IHS Jane's A&D Analyst Matthew Bell (09/2011)

In my research, I took the Defense budget, January IPI and M3 monthly data, military sales values, and wartime/peacetime status over the last 21 years, from 1990 – 2010. Over 21 observations of each of these data sets, I also recorded the historical stock price of 4 major diversified defense companies. 

These companies included Lockheed Martin, General Dynamics, Northrop Grumman, and Raytheon. Since 1990, Lockheed merged with Martin Marietta to become Lockheed Martin, and Northrop merged with Grumman to become Northrop Grumman. When searching for historical stock prices for these two companies, I was able to find records dating back to 1990, but I assume that the stock price which predates the mergers should reflect the stock price of the acquiring company.

I also chose to test the regression for years where the US was not considered to be at war; this would date from 1993 (conclusion of Gulf War 1) to 2001 (beginning of the global war on terror).

Stock Price = b0 + b1DEF + b2JIPI + b3JM3 + b4MS + b5W+ μ

The dependent variable represents the stock price of a given Defense company at the beginning of January for a given year.
DEF – Defense spending (yearly budget) – b1
JIPI – January Industrial Production Index for defense capital goods – b2
JM3 – January M3 Survey for new orders of defense capital goods – b3
MS – Military sales to foreign countries – b4
W – War – b5



There is not much change in the stock price during war or peace (although Tolstoy would be a good read).
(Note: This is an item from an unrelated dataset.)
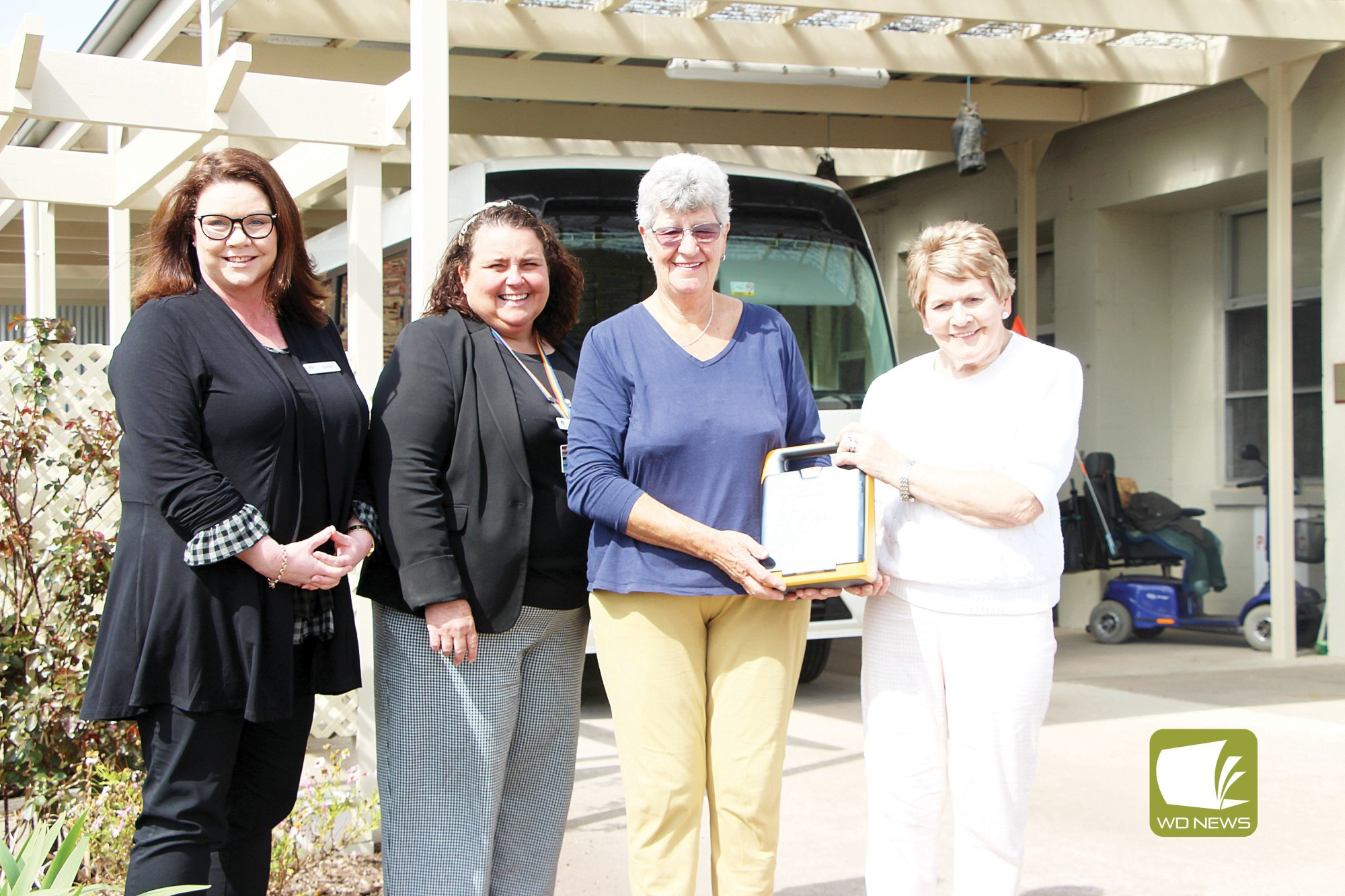 Heart smart: Terang and Mortlake Health Service director of community health Jane Bourman and health promotion officer Tanya Glossop were thankful to receive funding from Ladies Auxiliary members Nola Davey and Bernadette McKinnon to fund a new defibrillator.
One could infer that GD makes more “support” equipment and maintenance services, rather products or services consumed or used exclusively during conflicts.

During wartime, [8.6(W)], Lockheed’s stock can be expected to rise significantly.
During peacetime, [-.593(DEF)], the government will contribute fewer dollars to Lockheed’s earnings (in other words, the government will buy less from Lockheed). U.S. Foreign Military Sales are key to Lockheed’s bottom line.


War [23.25(W)] has a massive impact on Northrop Grumman’s stock price. 
Northrop Grumman does not appear to run its own large scale manufacturing operations [-2.3(JIPI)]. During peacetime, Northrop Grumman concentrates more on Foreign Military Sales [.001(MS)] than wartime [.0005(MS)]. Another way of looking at this is that during a period of time where the US government is buying NG products, it shifts its business development efforts overseas.


War actually decreases demand for Raytheon products [-4.3(W)] (it would make more sense to build and install massive radar and satellite systems before you need them rather than in the middle of a conflict). Raytheon runs its own robust manufacturing operations [2.88(JIPI)].



There are some considerations to keep in mind regarding the results of these regressions. First of all, I highly suspect that the “Independent variables” are not completely independent of each other. The overlap would cause some distortion in the equation results.

Secondly, the stock price data was for the first recorded date in January of the given year, and the M3 and IPI data was end-of-month data for January. In retrospect, it may have been a good idea to use IPI and M3 data from December of the previous year, but the change should not be drastic, since manufacturing trends tend to increase or decrease gradually from month to month the majority of the time.

Thirdly, the Defense budget data calculated on a yearly basis, so this could skew the correlation. Monthly DoD spending data would add accuracy to the equations.

In addition, another idea for this project was to test the data for the recession years to see if there was a significant impact on the other variables. The data includes three recession years, but it would be difficult to test recession vs. non-recession years with only three data points (‘08, ‘09, and ’10). One would to leave out Defense spending from the equation, then just measure manufacturing data (stock price = Bo + IPI + M3)

This exercise provided additional insight into the stock price of US defense companies. While the data did provide some insight, we should remember that other factors affect stock prices, and this is reflected by R-squared figures ranging from the mid-50% to mid-90% range. Of course, further study is necessary.